Discussion about the meme market and the latest news on meme stonks.
woodsmoke
3 days ago Wallstreet Bets
I know essentially nothing about financial markets (or the finance sector in general), but I agree GME ain't long for this world. I'm all about physical media and do my best to patronize b+m businesses whenever it's feasible to do so, but I'm also very obviously the odd one out in such behavior.
'Course, the best thing about this whole fiasco is it doesn't matter whether GME sticks around.
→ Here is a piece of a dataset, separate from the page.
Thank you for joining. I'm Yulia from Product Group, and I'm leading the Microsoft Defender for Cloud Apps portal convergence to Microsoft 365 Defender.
As I understand it, the motivation behind the "diamond hands" meme was never about propping up a failing company, nor was it about making money. Most of the memers who "invested" in GME seem to have written off the money as soon as it was spent.
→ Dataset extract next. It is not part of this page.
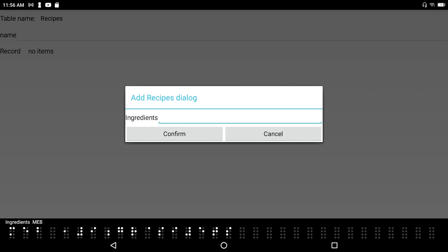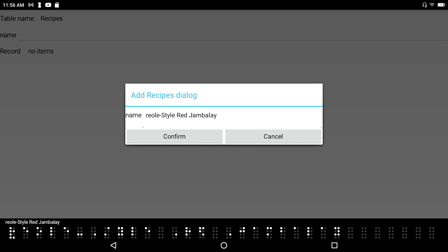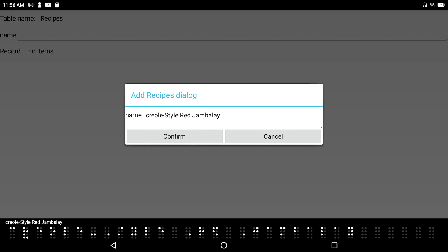I press F2-F3 to move back to the Database Manager. I navigate to the name field — 'jambalaya' edit box — and paste with Enter-V. On the Braille display I see 'Creole Style Red Jambalaya.' I notice I had accidentally left out the letter C, so I go back and add it in. Now we have 'Creole Style Red Jambalaya' in the name field.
The point is to stick it to the cunts on Wall Street. GME is/was the current vehicle for achieving that end but, when it inevitably fails, they'll find another and start over.
That's as best I understand it, anyway. Given my disclaimer above it's entirely possible I've grossly misread the whole situation.
Read Moresqerl
3 days ago Wallstreet Bets
No doubt the volatility and constant downward price pressure makes it hard to stomach for holders...a 100% a gamble.
At for what's next, they've got cash in the bank, reduced inventory, and made a Q4 profit. Can they repeat? That remains to be seen, especially if inflation stays elevated and unemployment climbs.
Also, those Robinhood teenagers play games and are involved in crypto. GME made $89MM with their cypto/nft portal (still mostly beta) and if gaming & crypto collide, it could be a cash cow. In fact, it may be what made them profitable last quarter.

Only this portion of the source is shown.